While savings accounts and money market accounts share some similar features, there are key differences in how you’re able to use them. Understanding the rules of each can help you decide which one is best for you.

Key statistics on savings accounts and money market accounts:

  • The median balance for deposit accounts such as savings accounts and money market accounts is $5,300, according to the Federal Reserve’s Survey of Consumer Finances (SCF).
  • A total of 98 percent of U.S. households have a transaction account such as a savings account or money market account, based on SCF data.
  • The national average annual percentage yield (APY) for both money markets and savings accounts is 0.13 percent in August 2022. However, rates up to 15 times higher can be found at some online banks and credit unions.

What is a savings account?

As an interest-earning deposit account, a savings account is similar to a money market account in that deposits aren’t limited but withdrawals may be — up to six per month. Savings accounts are a good place to save your money while still having it accessible if you need it later. The average interest rate on savings accounts is only 0.13 percent, according to Bankrate data as of August 2022, but the best savings accounts pay around 2 percent.

Savings accounts are a safe place to keep your savings. Like a money market account, they are insured through the Federal Deposit Insurance Corp. (FDIC) or National Credit Union Association (NCUA) up to $250,000 per account holder.

Pros and cons of savings accounts

Pros Cons
Interest-bearing Nominal interest earned
ATM withdrawals allowed May be limited to six withdrawals or transfers per month
FDIC/NCUA-insured Bill payments and check-writing not allowed

What is a money market account?

A money market account takes what works from a savings account, such as the ability to earn interest, and combines it with some features of a checking account, such as the ability to pay bills, make withdrawals and write checks. You can make unlimited deposits into your money market and even schedule automatic deposits.

A money market account, however, can’t fully replace a checking account. Federal law limits the number of withdrawals or transfers you may make each month to six. If you would like an interest-earning account that allows you to occasionally pay a bill or two, a money market account is a good option.

The average interest rate on money market accounts is 0.13 percent, according to Bankrate data from August 2022. However, like savings accounts, the best money market accounts currently pay around 2 percent.
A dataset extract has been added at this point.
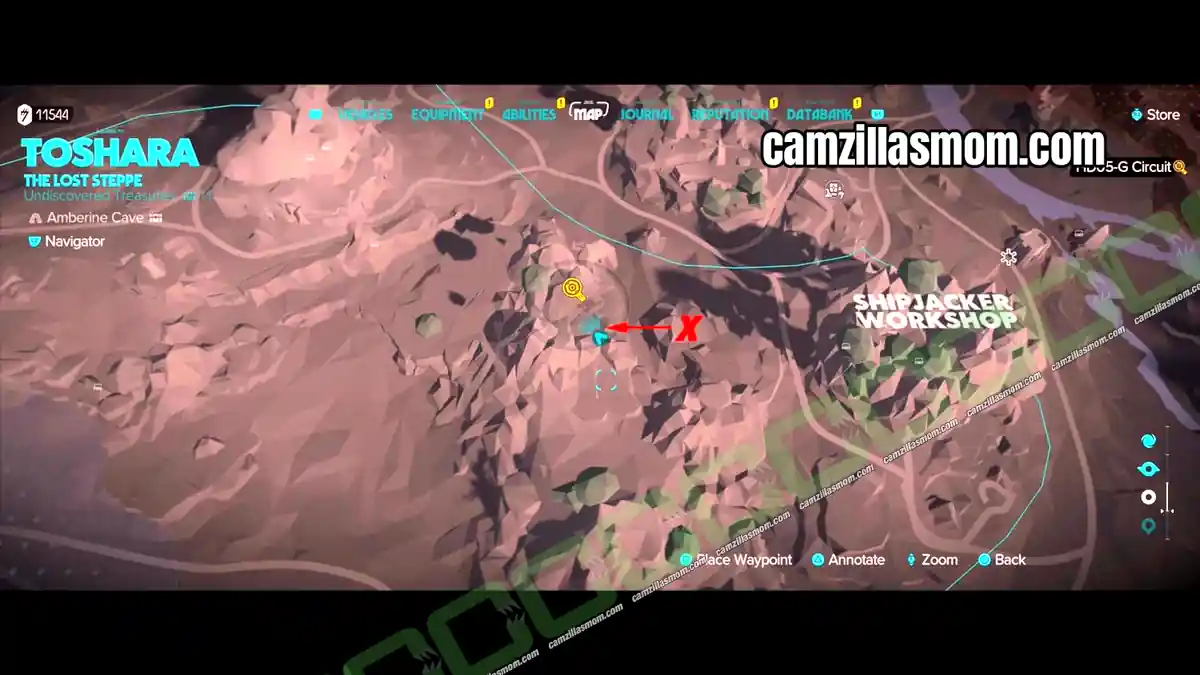 3-jump-map-intel-smugglers-hideout-star-wars-outlaws Star Wars Outlaws map showing the speeder ramp jump to the Mountain Hideout in The Lost Steppe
You may find that money market accounts require a bigger deposit amount in order to open the account or earn the top APY. If you have a smaller amount to deposit, a savings account may be the better option.

Keep in mind that withdrawing and spending the funds is often easier with a money market account than with a savings account, since they may allow you to write checks and make debit card purchases. If you want to make it more difficult to spend the money, a savings account may help you remain more disciplined than a money market account.

Also note that money market accounts and money market funds are not the same thing.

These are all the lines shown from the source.